An interpretable machine learning pipeline over knowledge graphs

These details have not been verified by PyPI

Project links

Homepage

Development Status
- 5 - Production/Stable
Intended Audience
- Science/Research
License
- OSI Approved :: MIT License
Operating System
- OS Independent
Programming Language

Project description

InterpretME: A Tool for Interpretations of Machine Learning Models Over Knowledge Graphs

InterpretME is a publicly available library. It includes a pipeline for enhancing the interpretability of machine learning models over knowledge graphs, an ontology to describe the main characteristics of trained machine learning models, and the InterpretME knowledge graph. The InterpretME KG assists the users in clarification and ease the interpretation of the model's predictions of a particular entity aligned with SHACL validation results.

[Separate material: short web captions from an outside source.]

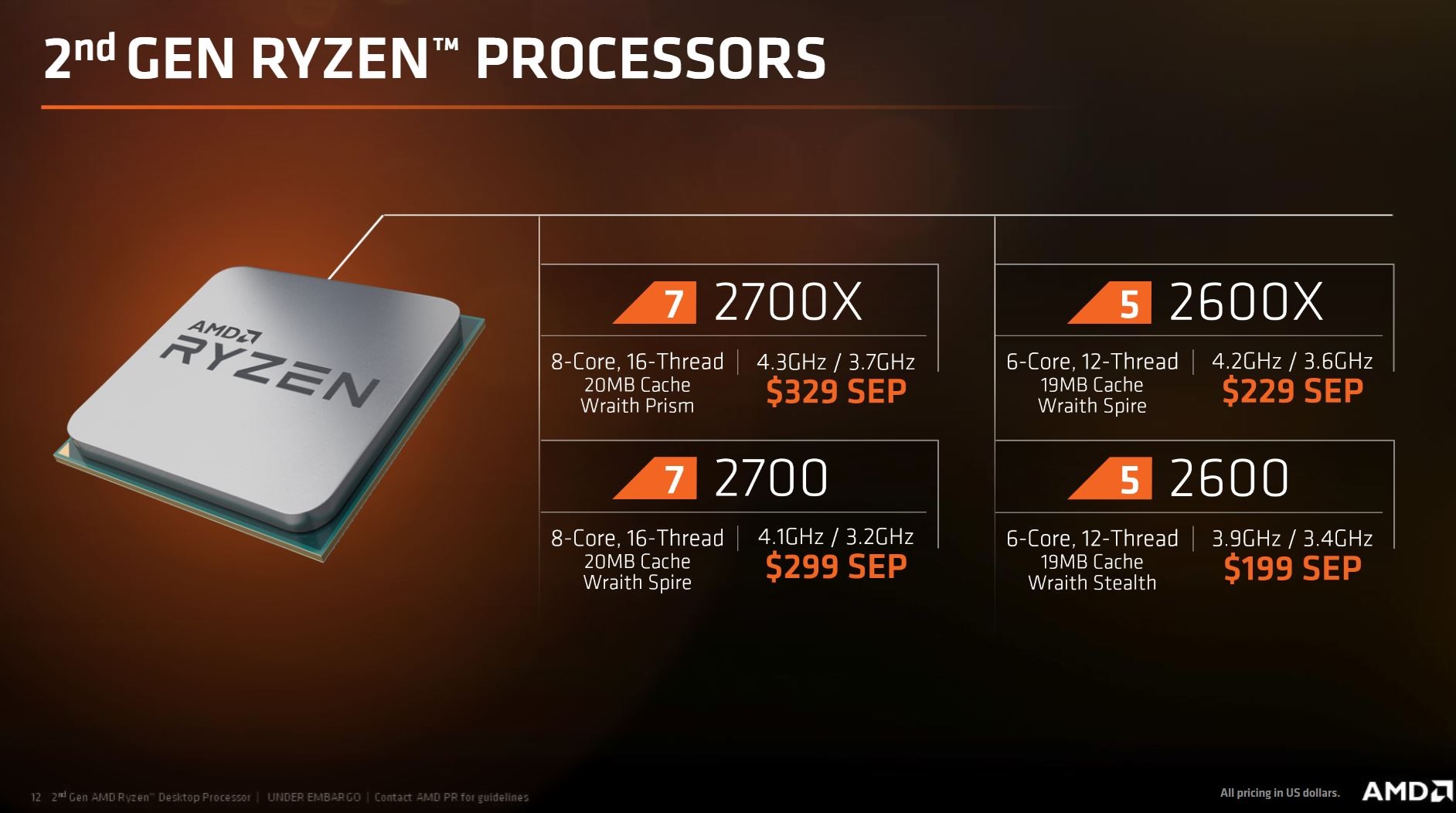 Ryzen 5 2600 and Ryzen 7 2700 Review
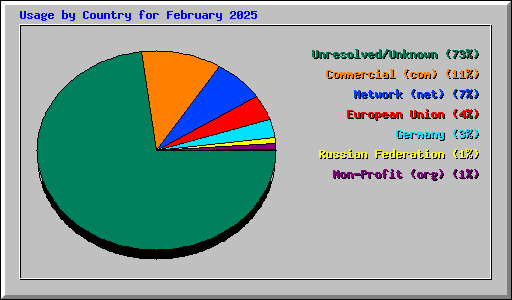 Usage by Country for February 2025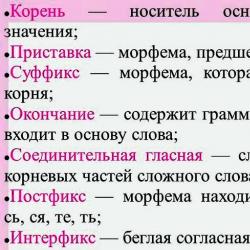 Të gjitha morfemat e gjuhës ruse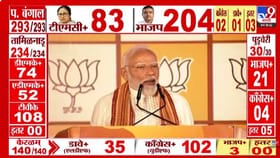आजचा दिवस ऐतिहासिक आणि अभूतपूर्व; मोदींकडून कार्यकर्त्यांचं कौतुक
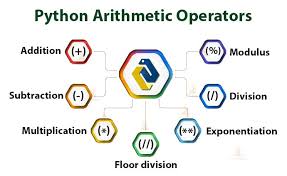 7 types of python operators that will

InterpretME uses state-of-the-art machine learning models and interpretable tools. InterpretME evaluates the SHACL constraints over the nodes of the input KGs and generates a validation report per constraint and target entity. It helps the user to understand the decisions of the predictive models and also provides a platform for interpretability.

Installation

InterpretME is OS independent, i.e., you can run it on Linux, Mac, and Windows. However, the current version only supports Python 3.8 and 3.9. You can install InterpretME from PyPI via pip:

pip install InterpretME

Running the InterpretME Pipeline

from InterpretME import pipeline
pipeline(path_config, lime_results, server_url, username, password, sampling, cv, imp_features, test_split, model)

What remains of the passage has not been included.